--- START ---

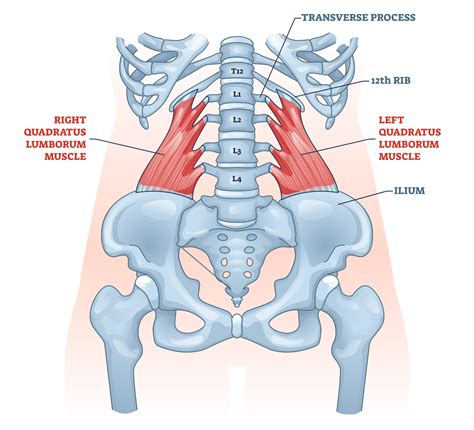 Quadratus Lumborum: 4 Exercises and 4 Stretches - Inspire US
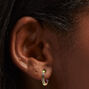 Titanium 12MM Rainbow Anodized Crystal Hoop Earrings,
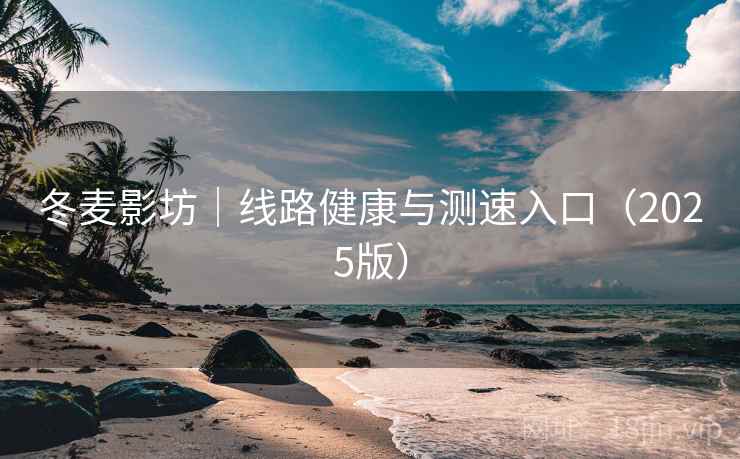 冬麦影坊｜线路健康与测速入口（2025版）  第1张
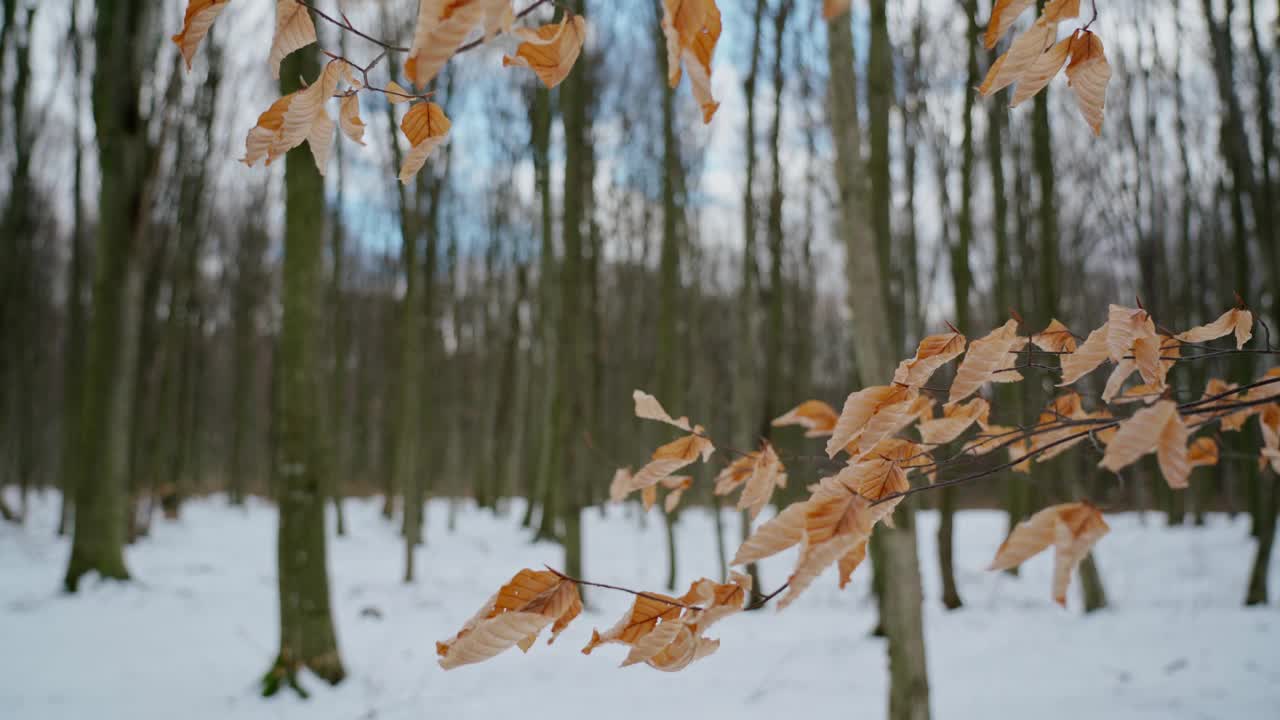 浪漫的冬天，森林的景色，树枝和黄叶，映衬着树木和蓝天的背景。在平滑的运动。植物的阴谋。视频素材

--- END ---

Print the listing word for word but skip its pictures.

- [Solution to the exercise]
 Quadratus Lumborum: 4 Exercises and 4 Stretches - Inspire US
 Titanium 12MM Rainbow Anodized Crystal Hoop Earrings,
 冬麦影坊｜线路健康与测速入口（2025版）  第1张
 浪漫的冬天，森林的景色，树枝和黄叶，映衬着树木和蓝天的背景。在平滑的运动。植物的阴谋。视频素材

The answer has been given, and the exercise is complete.